Talvez a história da humanidade, digo aquela que não ocupa as páginas dos livros, possa ser contada a partir da luta pela terra e pelo território ou a partir das formas de relação que as pessoas têm estabelecido com a natureza ao longo dos anos. Há um verso na canção O sol mais quente, de Baco Exu do Blues, que diz: Cê quer ouvir a voz de Deus? Então vá ao Nordeste e escute o povo. Bote o ouvido na terra e escute o mundo.

Botar o ouvido na terra e escutar o mundo. Acredito que essas palavras se aproximam da experiência de escuta que tenho vivenciado junto de filmes feitos nos territórios quilombolas, obras marcadas por uma linha de força: os gestos de rememoração articulados a partir das presenças e narrativas das mulheres quilombolas em relação com a terra e o território. Ouvidos atentos ao que essas contadoras de memórias se lembram — e nos lembram — dos quilombos, essa estrutura social e ideia-força1 que enfrenta o sistema vigente, inaugurando liberdades em meio ao Brasil Colônia.

A ideia de memória me interessa aqui, sobretudo, como força motriz de vida, que se ergue contra a morte estruturada pelo esquecimento, pelo apagamento, pelo sufocamento de vozes promovidos pela colonização, como nos ensina Abdias Nascimento. A oralidade, que possibilitou a existência e permanência dos povos de junto da terra — povos originários e povos quilombolas — com o conhecimento passado das pessoas mais velhas para as mais jovens, se desenrola pelos fios da memória. Assim, se esquecer é uma forma  de matar, lembrar é caminho para fazer prevalecer a vida.

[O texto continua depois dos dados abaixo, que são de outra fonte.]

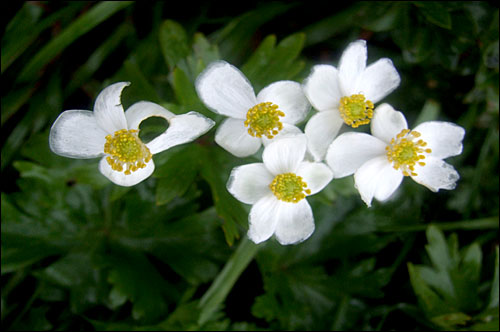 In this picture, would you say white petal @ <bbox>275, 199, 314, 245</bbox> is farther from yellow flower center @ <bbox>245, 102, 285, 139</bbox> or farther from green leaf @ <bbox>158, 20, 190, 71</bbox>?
green leaf @ <bbox>158, 20, 190, 71</bbox>

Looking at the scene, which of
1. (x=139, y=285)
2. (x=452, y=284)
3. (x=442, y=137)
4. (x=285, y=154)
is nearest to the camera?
(x=285, y=154)

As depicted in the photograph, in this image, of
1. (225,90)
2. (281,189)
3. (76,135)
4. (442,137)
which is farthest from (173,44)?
(442,137)

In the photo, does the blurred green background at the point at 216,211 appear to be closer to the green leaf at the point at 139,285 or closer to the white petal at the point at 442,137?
the green leaf at the point at 139,285

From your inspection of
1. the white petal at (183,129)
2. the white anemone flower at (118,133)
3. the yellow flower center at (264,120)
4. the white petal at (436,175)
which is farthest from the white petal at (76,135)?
the white petal at (436,175)

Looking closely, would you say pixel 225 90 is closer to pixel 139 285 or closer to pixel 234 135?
pixel 234 135

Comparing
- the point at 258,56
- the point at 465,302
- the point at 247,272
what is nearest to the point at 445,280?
the point at 465,302

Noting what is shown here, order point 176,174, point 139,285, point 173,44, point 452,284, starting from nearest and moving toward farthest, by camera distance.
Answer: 1. point 176,174
2. point 173,44
3. point 139,285
4. point 452,284

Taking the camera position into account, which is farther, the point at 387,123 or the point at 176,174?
the point at 176,174

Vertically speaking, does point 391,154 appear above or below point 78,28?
below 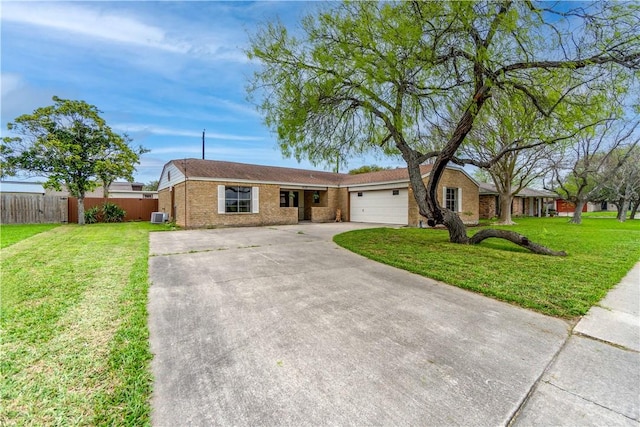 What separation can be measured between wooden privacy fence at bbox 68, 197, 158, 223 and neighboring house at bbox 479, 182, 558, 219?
2652cm

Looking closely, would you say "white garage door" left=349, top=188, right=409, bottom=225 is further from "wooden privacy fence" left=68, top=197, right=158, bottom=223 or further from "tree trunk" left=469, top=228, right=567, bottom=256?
"wooden privacy fence" left=68, top=197, right=158, bottom=223

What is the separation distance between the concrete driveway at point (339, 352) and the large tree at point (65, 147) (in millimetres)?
15458

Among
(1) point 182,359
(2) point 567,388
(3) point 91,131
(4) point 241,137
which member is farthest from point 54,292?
(4) point 241,137

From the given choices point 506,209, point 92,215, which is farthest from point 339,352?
point 92,215

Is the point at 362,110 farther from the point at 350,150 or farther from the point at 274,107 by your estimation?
the point at 274,107

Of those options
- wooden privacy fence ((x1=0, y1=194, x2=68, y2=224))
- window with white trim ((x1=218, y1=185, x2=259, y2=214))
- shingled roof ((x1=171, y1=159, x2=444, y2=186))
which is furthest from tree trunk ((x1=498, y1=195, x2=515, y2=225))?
wooden privacy fence ((x1=0, y1=194, x2=68, y2=224))

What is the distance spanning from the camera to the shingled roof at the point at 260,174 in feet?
48.7

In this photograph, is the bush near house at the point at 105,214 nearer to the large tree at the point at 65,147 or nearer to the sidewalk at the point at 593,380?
the large tree at the point at 65,147

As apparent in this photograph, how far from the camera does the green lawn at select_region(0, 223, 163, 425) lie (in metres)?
1.86

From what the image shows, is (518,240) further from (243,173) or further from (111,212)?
(111,212)

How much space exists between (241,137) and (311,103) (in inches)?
604

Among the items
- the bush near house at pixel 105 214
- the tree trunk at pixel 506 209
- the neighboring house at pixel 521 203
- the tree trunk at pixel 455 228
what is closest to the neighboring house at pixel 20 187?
the bush near house at pixel 105 214

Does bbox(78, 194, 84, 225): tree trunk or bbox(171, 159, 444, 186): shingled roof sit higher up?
bbox(171, 159, 444, 186): shingled roof

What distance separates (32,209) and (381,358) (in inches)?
853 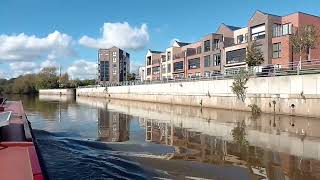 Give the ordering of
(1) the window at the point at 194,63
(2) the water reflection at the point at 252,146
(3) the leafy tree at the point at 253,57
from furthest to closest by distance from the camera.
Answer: (1) the window at the point at 194,63
(3) the leafy tree at the point at 253,57
(2) the water reflection at the point at 252,146

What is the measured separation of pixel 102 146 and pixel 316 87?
18.6m

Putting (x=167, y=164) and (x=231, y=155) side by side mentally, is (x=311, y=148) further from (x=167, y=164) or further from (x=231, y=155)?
(x=167, y=164)

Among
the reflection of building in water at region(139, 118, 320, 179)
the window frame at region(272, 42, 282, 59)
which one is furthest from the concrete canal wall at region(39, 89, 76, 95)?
the reflection of building in water at region(139, 118, 320, 179)

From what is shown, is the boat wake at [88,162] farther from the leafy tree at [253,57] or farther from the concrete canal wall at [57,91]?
the concrete canal wall at [57,91]

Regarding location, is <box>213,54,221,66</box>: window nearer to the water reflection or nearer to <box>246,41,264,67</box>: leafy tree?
<box>246,41,264,67</box>: leafy tree

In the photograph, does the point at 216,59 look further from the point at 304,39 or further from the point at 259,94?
the point at 259,94

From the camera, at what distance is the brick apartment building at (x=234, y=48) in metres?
47.0

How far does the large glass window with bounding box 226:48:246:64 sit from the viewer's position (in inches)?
2152

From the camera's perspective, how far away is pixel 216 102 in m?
38.5

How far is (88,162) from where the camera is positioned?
35.4 ft

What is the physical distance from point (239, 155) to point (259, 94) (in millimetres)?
20833

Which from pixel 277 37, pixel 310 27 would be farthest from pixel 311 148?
pixel 277 37

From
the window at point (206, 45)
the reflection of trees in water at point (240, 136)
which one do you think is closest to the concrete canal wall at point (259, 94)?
the reflection of trees in water at point (240, 136)

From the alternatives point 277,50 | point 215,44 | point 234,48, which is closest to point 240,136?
point 277,50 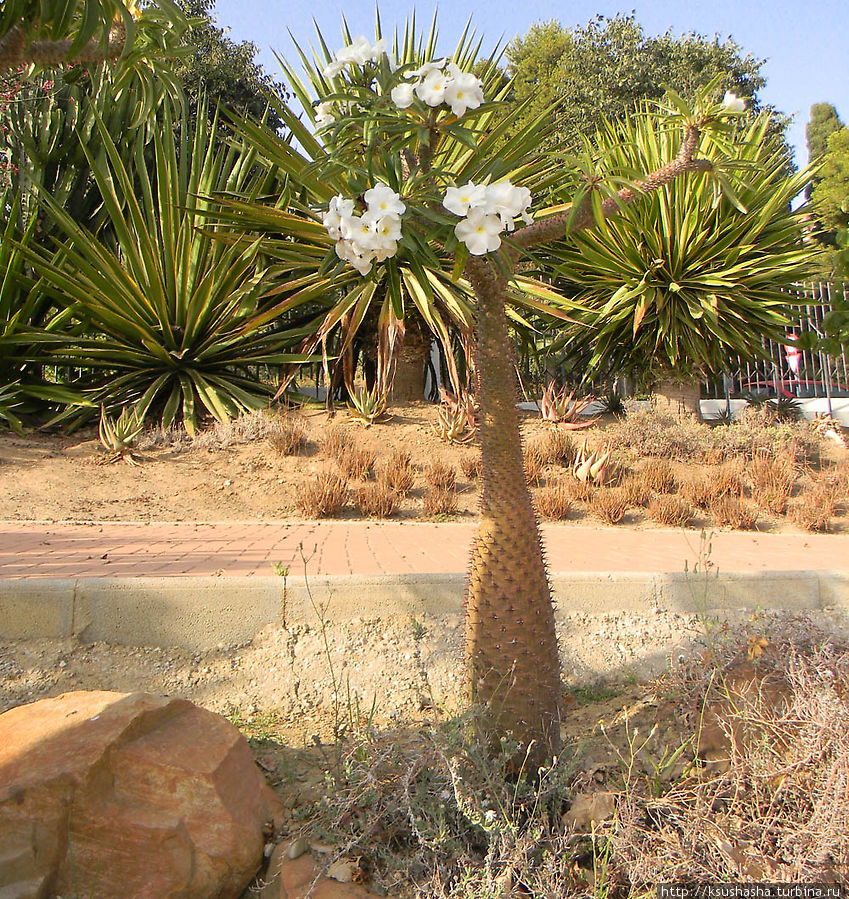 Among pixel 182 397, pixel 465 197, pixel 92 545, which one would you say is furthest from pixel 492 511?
pixel 182 397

A transmissão da ciência desses povos se dá pela palavra, pelo segredo, mas também pelo gesto do corpo, como nos dizem as lições da pesquisadora, poeta e ensaísta Leda Maria Martins. 

Ainda sobre as políticas do esquecimento, a pesquisadora Beatriz Nascimento já reivindicava, em fala na conferência Historiografia do Quilombo2, realizada em 1977, durante a Quinzena do Negro na Universidade de São Paulo: “A lembrança, lembrar para mim mesma, lembrar para os negros de que eles têm um passado de homens capazes de empreender uma estrutura que foi muito forte, que assustou sempre, que assustou tanto que passou para a amnésia nacional.” 

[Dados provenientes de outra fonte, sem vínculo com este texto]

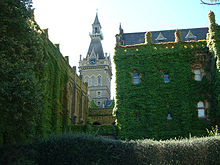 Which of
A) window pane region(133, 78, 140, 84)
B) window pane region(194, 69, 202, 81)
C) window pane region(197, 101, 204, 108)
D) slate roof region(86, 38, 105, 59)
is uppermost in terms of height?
slate roof region(86, 38, 105, 59)

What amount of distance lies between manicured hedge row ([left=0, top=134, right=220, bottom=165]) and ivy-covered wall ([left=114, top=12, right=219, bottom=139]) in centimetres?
867

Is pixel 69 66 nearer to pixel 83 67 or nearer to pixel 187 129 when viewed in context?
pixel 187 129

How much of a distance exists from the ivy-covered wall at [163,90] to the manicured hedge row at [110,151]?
8669 mm

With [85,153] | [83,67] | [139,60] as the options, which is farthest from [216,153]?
[83,67]

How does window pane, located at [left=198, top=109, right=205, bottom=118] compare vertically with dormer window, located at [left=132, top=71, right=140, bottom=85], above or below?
below

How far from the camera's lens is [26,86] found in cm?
1335

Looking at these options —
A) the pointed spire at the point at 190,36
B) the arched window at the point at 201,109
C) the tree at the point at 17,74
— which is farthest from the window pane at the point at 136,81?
the tree at the point at 17,74

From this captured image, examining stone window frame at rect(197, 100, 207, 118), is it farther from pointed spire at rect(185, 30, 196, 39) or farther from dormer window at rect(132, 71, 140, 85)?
pointed spire at rect(185, 30, 196, 39)

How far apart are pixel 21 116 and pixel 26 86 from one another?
1.62 meters

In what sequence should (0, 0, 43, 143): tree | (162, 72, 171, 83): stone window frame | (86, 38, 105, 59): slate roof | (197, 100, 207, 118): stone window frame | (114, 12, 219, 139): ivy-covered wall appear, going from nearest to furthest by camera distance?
(0, 0, 43, 143): tree < (114, 12, 219, 139): ivy-covered wall < (197, 100, 207, 118): stone window frame < (162, 72, 171, 83): stone window frame < (86, 38, 105, 59): slate roof

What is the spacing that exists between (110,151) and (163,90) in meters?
12.7

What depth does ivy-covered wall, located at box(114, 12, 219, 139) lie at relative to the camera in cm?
2466

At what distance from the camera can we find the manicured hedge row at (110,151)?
13891 mm

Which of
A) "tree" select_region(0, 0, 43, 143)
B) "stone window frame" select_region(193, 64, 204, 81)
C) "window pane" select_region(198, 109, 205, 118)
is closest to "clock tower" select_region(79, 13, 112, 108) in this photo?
"stone window frame" select_region(193, 64, 204, 81) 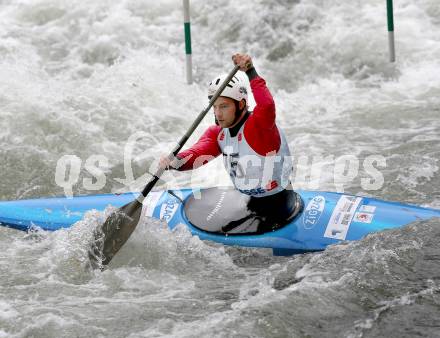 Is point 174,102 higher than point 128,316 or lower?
higher

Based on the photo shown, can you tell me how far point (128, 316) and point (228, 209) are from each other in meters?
1.09

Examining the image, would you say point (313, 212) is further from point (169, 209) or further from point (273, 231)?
point (169, 209)

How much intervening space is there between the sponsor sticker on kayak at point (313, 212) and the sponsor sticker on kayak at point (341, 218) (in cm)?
8

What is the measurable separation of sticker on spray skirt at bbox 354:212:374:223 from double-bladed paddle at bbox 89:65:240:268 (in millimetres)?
1086

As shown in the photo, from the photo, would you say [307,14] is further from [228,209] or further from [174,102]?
[228,209]

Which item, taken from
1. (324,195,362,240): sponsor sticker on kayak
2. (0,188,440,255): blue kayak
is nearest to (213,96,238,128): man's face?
(0,188,440,255): blue kayak

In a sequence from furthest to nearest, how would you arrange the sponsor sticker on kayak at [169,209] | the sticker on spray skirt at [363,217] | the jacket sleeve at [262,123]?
the sponsor sticker on kayak at [169,209], the sticker on spray skirt at [363,217], the jacket sleeve at [262,123]

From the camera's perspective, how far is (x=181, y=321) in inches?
154

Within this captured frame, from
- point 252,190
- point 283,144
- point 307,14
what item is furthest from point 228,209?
point 307,14

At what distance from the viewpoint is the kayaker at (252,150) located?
444cm

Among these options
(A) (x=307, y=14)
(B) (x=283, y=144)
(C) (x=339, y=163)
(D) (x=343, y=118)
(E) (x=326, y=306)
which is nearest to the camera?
(E) (x=326, y=306)

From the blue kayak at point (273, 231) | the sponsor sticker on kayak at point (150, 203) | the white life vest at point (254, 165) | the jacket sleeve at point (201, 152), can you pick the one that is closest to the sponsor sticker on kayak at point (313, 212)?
the blue kayak at point (273, 231)

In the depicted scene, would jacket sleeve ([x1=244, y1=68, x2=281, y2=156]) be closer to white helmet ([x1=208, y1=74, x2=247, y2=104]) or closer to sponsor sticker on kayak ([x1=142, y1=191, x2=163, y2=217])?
white helmet ([x1=208, y1=74, x2=247, y2=104])

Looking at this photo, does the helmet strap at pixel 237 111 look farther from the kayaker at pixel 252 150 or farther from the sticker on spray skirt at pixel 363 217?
the sticker on spray skirt at pixel 363 217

A intelectual reforçava ainda a insistência do campo formal de estudos da História em dedicar imensa atenção para a pesquisa sobre o negro nas condições de escravização e pouco espaço para os estudos junto dos quilombos. Para ela, essa engrenagem move também a construção de um imaginário do povo negro em diáspora. 

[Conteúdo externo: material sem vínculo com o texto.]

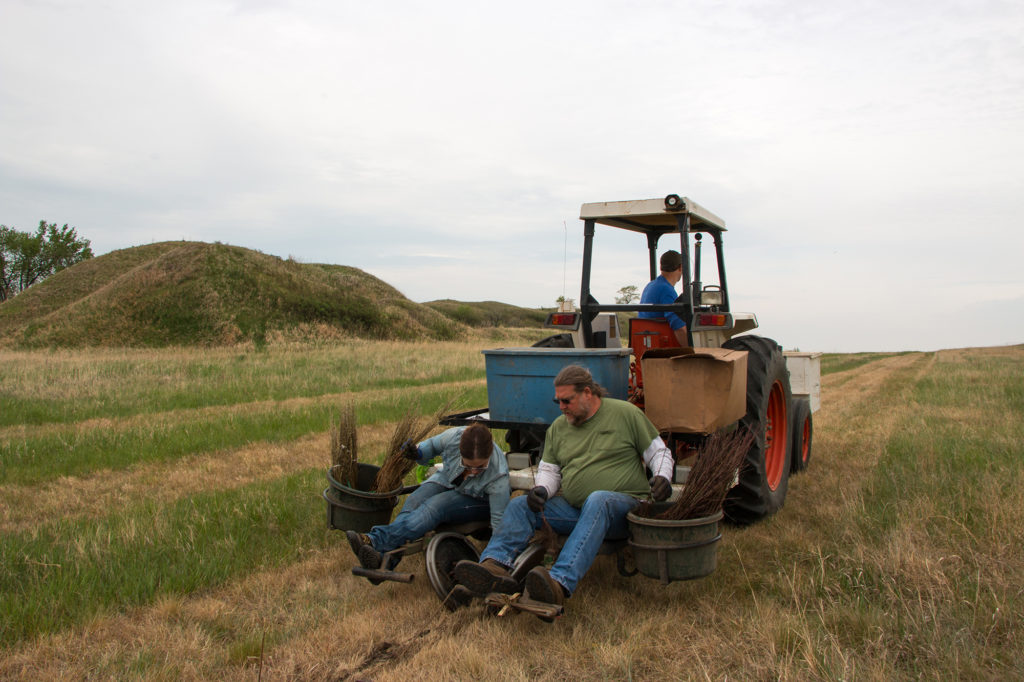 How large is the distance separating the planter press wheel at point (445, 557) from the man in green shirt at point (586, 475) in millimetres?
250

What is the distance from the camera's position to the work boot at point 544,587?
3.51 m

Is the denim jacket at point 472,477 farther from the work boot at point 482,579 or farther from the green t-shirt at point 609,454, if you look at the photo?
the work boot at point 482,579

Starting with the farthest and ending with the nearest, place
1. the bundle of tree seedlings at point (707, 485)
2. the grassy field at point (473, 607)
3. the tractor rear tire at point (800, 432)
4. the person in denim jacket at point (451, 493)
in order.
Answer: the tractor rear tire at point (800, 432)
the person in denim jacket at point (451, 493)
the bundle of tree seedlings at point (707, 485)
the grassy field at point (473, 607)

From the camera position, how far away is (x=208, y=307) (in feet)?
121

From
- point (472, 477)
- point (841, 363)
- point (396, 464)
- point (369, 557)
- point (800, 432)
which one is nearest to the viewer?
point (369, 557)

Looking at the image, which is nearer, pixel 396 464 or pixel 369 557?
pixel 369 557

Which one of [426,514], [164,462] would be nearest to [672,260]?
[426,514]

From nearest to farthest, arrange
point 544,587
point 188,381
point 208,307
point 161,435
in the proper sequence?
point 544,587
point 161,435
point 188,381
point 208,307

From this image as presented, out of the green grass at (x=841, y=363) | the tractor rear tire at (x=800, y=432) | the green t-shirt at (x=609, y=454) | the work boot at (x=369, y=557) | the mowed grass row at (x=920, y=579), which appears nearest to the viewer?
the mowed grass row at (x=920, y=579)

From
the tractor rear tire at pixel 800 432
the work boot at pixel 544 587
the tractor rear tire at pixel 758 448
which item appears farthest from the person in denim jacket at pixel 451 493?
the tractor rear tire at pixel 800 432

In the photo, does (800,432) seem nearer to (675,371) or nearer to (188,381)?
(675,371)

Como Beatriz Nascimento nos disse em Ôrí (1989, Raquel Gerber): “É preciso a imagem para recuperar a identidade, tem que tornar-se visível, porque o rosto de um é o reflexo do outro, o corpo de um é o reflexo do outro e em cada um o reflexo de todos os corpos.” Com essa reflexão ela já nos convocava a empreender caminhos para a discussão das questões raciais a partir do campo da imagem.

Pelos entrelaces memória e imagem chegamos a quatro mulheres. As duas primeiras são D. Olinda Oliveira e D. Maria Oliveira, mulheres quilombolas da Comunidade do Quilombo Rio dos Macacos, localizada em Simões Filho, na Bahia. Suas narrativas e suas presenças aparecem como fios condutores do longa Quilombo Rio dos Macacos (2017, Josias Pires). Chegamos também a Lucicleide Santos, de Santiago do Iguape, comunidade situada na Bacia do Iguape, município de Cachoeira, no Recôncavo da Bahia.  Ela é diretora-personagem no curta-metragem Pra se contar uma história (2013, Elen Linth, Lucicleide Santos, Diego Jesus e Leandro Rodrigues), e por seus passos encontramos outras mulheres moradoras da comunidade remanescente de quilombos Calembá. E na Comunidade Quilombola Mato do Tição em Jaboticatubas, Minas Gerais, encontramos Tança, a ancestral do quilombo, por meio da rememoração de seus descendentes no filme Tança (2014, Irmandade dos Atores da Pândega e Associação Quilombola Mato do Tição).

A memória como arma de uma luta em curso

“Nós não somos invasor não, moço, quando eles chegaram acharam a gente”. Com essa frase, Dona Maria Oliveira começa a rememorar e testemunhar sua história. Com suas lembranças ela se defende das acusações que aqueles que a violentam lançam contra ela e contra sua comunidade. São 84 anos de uma vida vivida no território, acompanhando a chegada da Marinha do Brasil, a construção da Base Naval de Aratu, vivenciando incontáveis violências e ameaças. Ela está sentada ao lado de sua filha Olinda Oliveira, que também se vale de sua memória para enfrentar a luta que está em curso, a defesa do direito de viver no Quilombo Rio dos Macacos. 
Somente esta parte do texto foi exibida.